NY Jets, Missed Tackles, Defense, Sauce Gardner
Sauce Gardner, New York Jets, Getty Images

The New York Jets have a persistent defensive issue that didn’t improve this offseason

Is it nitpicking to talk about the New York Jets’ defense?

After two consecutive top-five finishes defensively, perhaps that side of the ball has earned a reprieve from scrutiny. Who cares if the interior defensive line is suspect, the safety room is thin, and the edge rusher room relies heavily on a Year 2 leap? The defense figured it out then, so they’ll figure it out now.

Perhaps that’s true. Maybe writing about fears for their run defense and pass rush is over the top. But there’s one defensive issue that’s undeniable for the Jets. You could even say that it holds them back from being a truly elite unit.
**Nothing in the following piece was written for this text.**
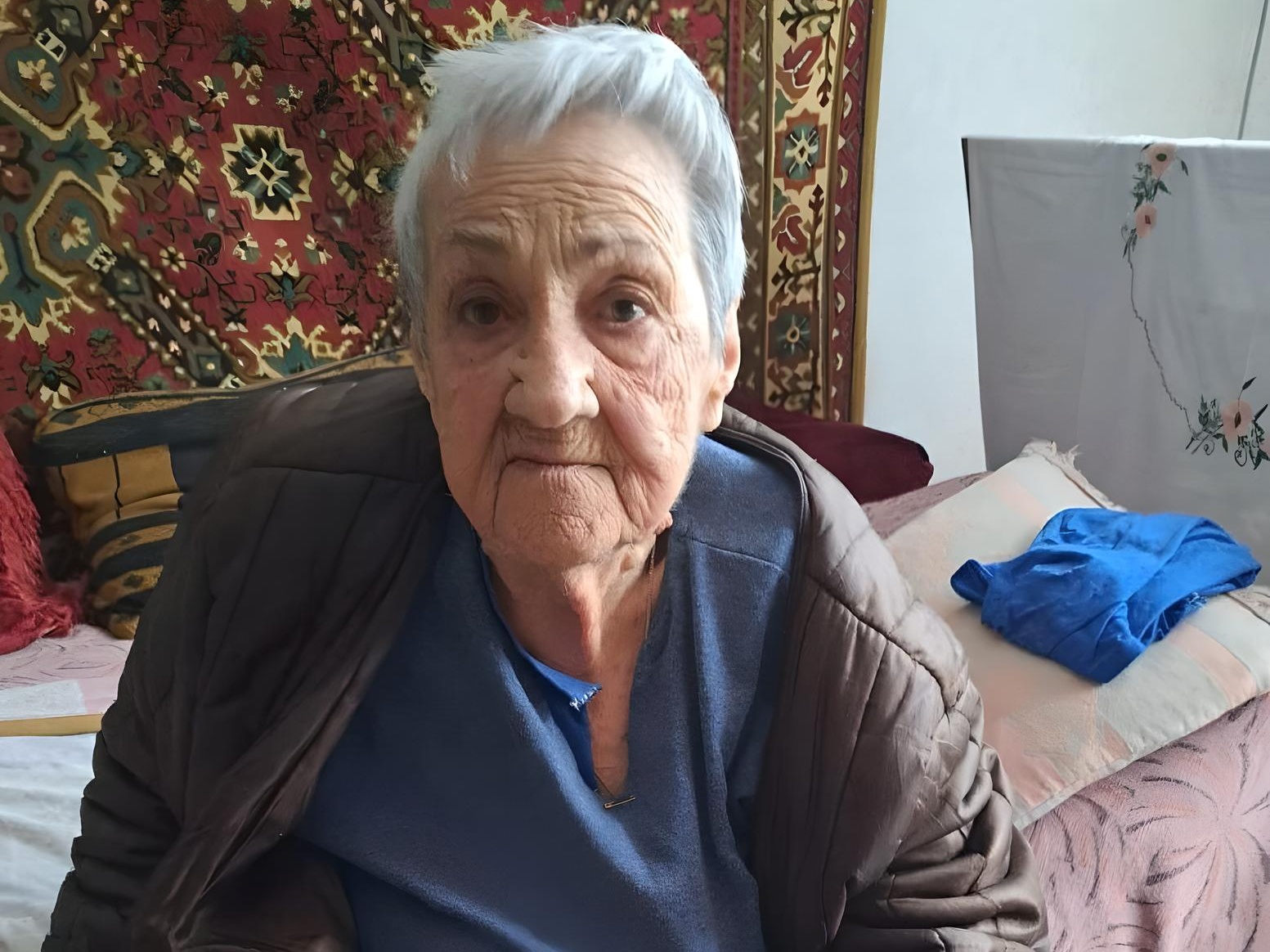 Одиноким пожилым людям, нуждающимся в уходе, требуется надомный медицинский патронаж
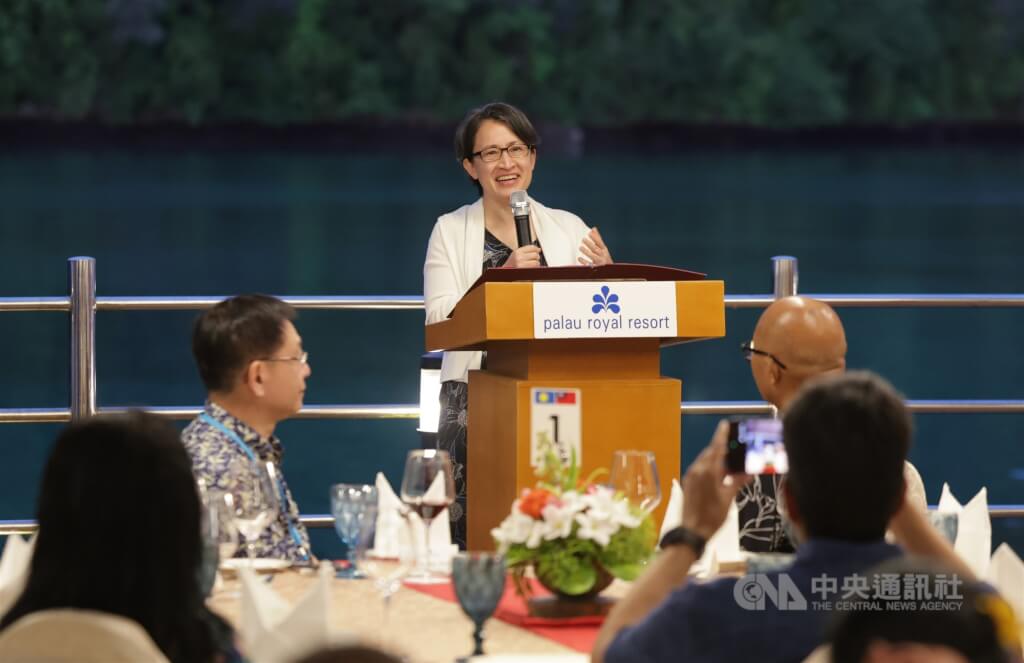 副總統蕭美琴（後中）前往帛琉訪問，7日晚間在下榻飯店出席帛琉總統惠恕仁（Surangel S. Whipps, Jr.）舉辦的歡迎晚宴，致詞時表示，台灣與帛琉同為海洋國家，共享民主、自由及環境保護理念，未來將持續攜手向世界展現兩國都是國際社會不可或缺的良善力量。中央社記者裴禛帛琉攝　115年6月7日 圖：中央社提供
Their propensity for missed tackles.

Tackling woes

As a team, the tackling statistics aren’t as bad as they are individually. In 2023, the Jets ranked 21st in the NFL with a 12.9% team missed tackle rate. The league average was 12.5%.

It was at an individual level where the tackling issues were felt the most. The biggest culprits were the safeties: Jordan Whitehead ranked in the 9th percentile among safeties with an 18% miss rate. Tony Adams was in the 19th percentile at 15.3%. Ashtyn Davis joined the party with a 16% rate, albeit on only 25 tackle attempts.
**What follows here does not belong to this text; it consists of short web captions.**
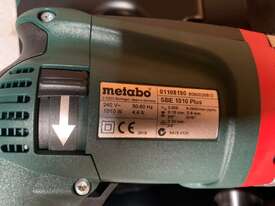 Metabo SBE1010 Hammer Drill with Case - picture0' - Click to enlarge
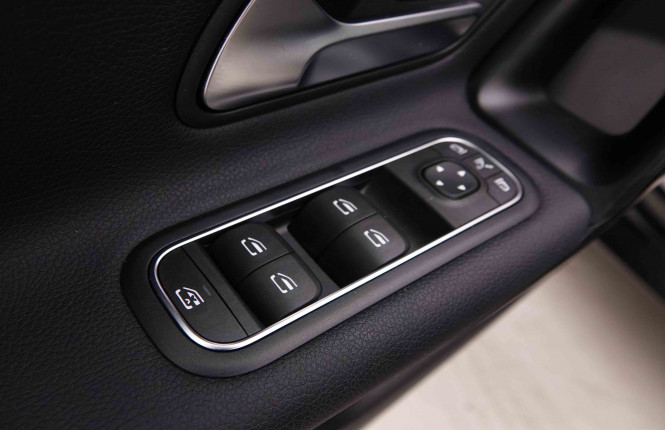 MERCEDES_MERCEDES_AKLASSE_2548988_21.jpg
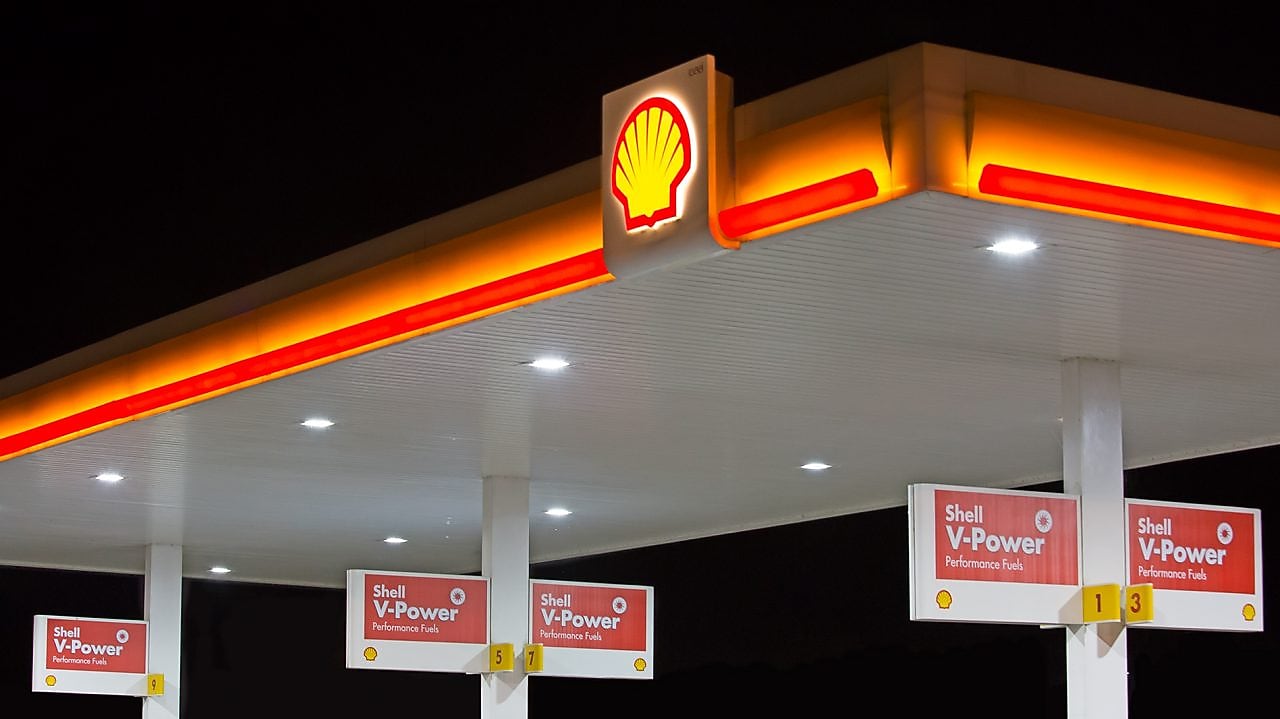 Shell forecourt pecten night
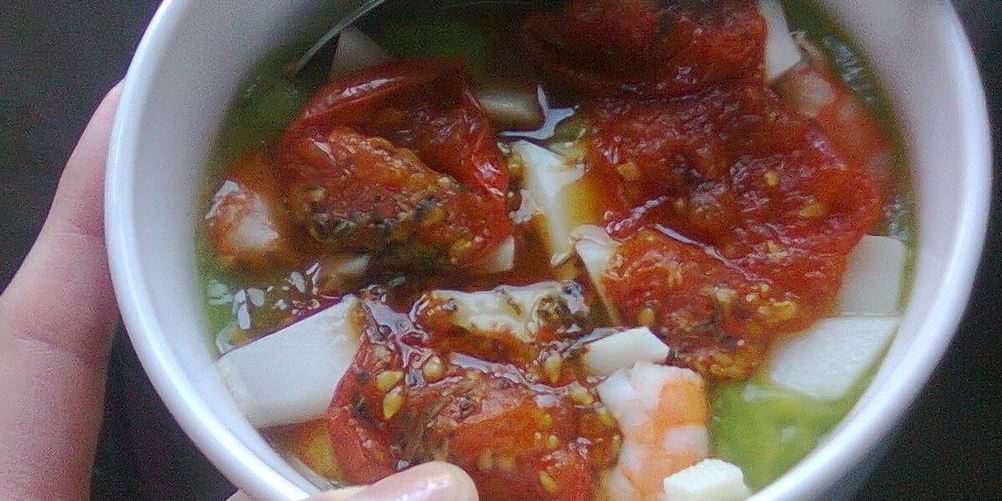 Рецепт суп-пюре из кабачков с креветками, запеченными помидорами черри и озьим сыром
Even in his first-team All-Pro season, Quincy Williams continued to be a tackling liability. His 13.2% miss rate ranked in the 25th percentile among linebackers. Other bad tacklers included Sauce Gardner (16.2%, 21st percentile), Quinnen Williams (15.9%, 17th percentile), Quinton Jefferson (13.3%, would have ranked in the 32nd percentile if qualified), and Solomon Thomas (12.9%, would have been 35th percentile if qualified).

Quinnen Williams tied for the sixth-most missed tackles among interior defensive linemen (10), and Whitehead had the most among safeties (20) while Adams had the eighth-most (15). Quincy Williams (20), Whitehead (20), Adams (15), and C.J. Mosley (15) had the most missed tackles on the Jets.

2024 changes

The Jets’ most significant change tackling-wise will be going from Whitehead to Chuck Clark. Clark’s 6.6% missed tackle rate in 2022 was in the 81st percentile among safeties. From 2019-22, the four seasons when he had starter-level snaps with Baltimore, Clark’s miss rate was 8.1%, which would have ranked in the 85th percentile among 2023 qualified safeties. Clark missed 21 combined tackles from 2020-22, while Whitehead missed 20 in 2023 alone.
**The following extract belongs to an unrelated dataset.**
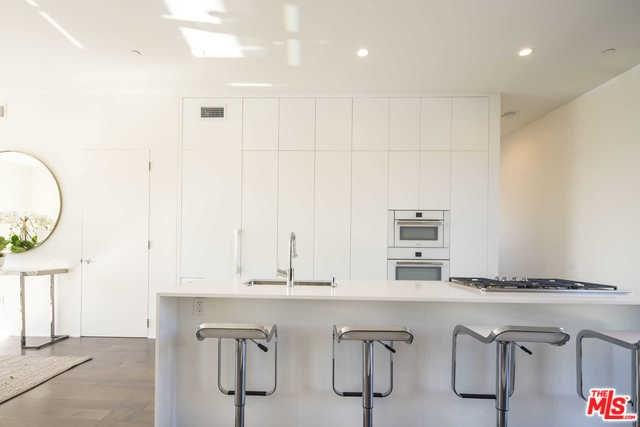 935 San Vicente Boulevard - Photo 1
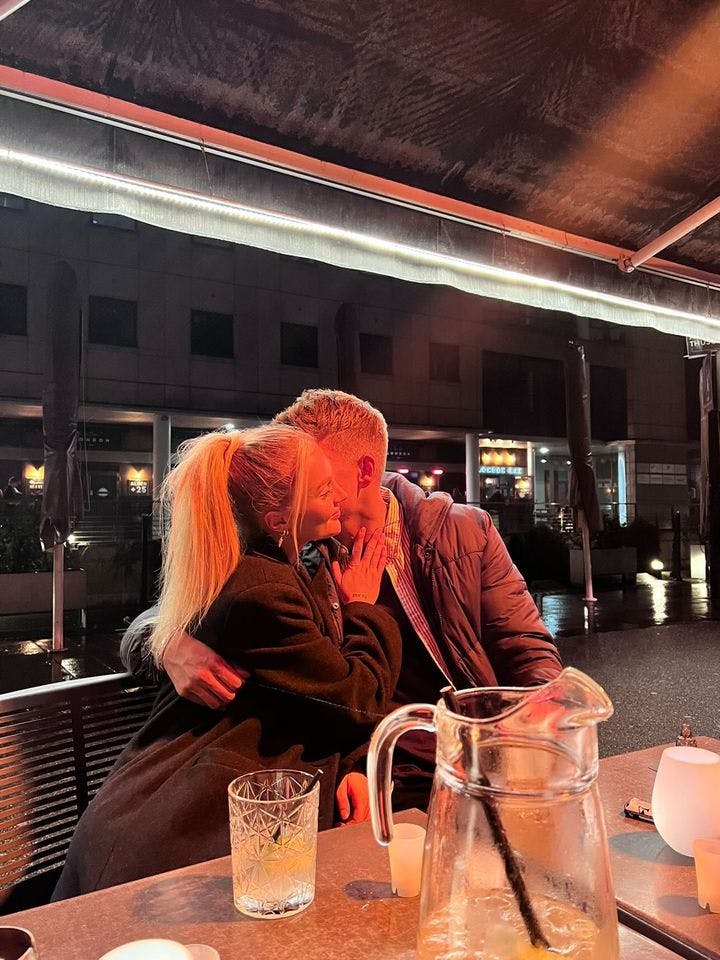 Line Maria Busk og David Jarsbo i et kærligt øjeblik på café.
Javon Kinlaw is also an upgrade over Jefferson in this area. He has a 7.1% career miss rate (would have ranked in the 75th percentile among 2023 qualifiers) and did not miss any tackles in 2023.

On the flip side, Haason Reddick may be a downgrade from Franklin-Myers. Reddick missed 18.2% of his tackles in 2023, ranking in the 33rd percentile among edge defenders. He was truly brutal in 2022, though, missing 36.4% of his tackles (second-worst) while tying for the most misses (16). He was never quite as bad as those two years in prior seasons, and the change to a 4-3 defense without so much dropping into coverage might change things for him. Still, Reddick’s tackling could hurt the Jets’ defense.

To a certain extent, the Jets will live with bad tackling. Quincy Williams is who he is as a tackler. Improvements from Adams and Gardner (who was at just 7.6% in 2022 before ballooning to 16.2% in 2023) would go a long way toward shoring up the back end of the Jets’ defense. They still have the surehanded C.J. Mosley and Clark, as well as Jamien Sherwood in limited reps (5.7% miss rate in 2023).

Never underestimate the power of bad tackling to infuriate a fan base and elongate a drive. It’s likely to continue as an issue for the Jets.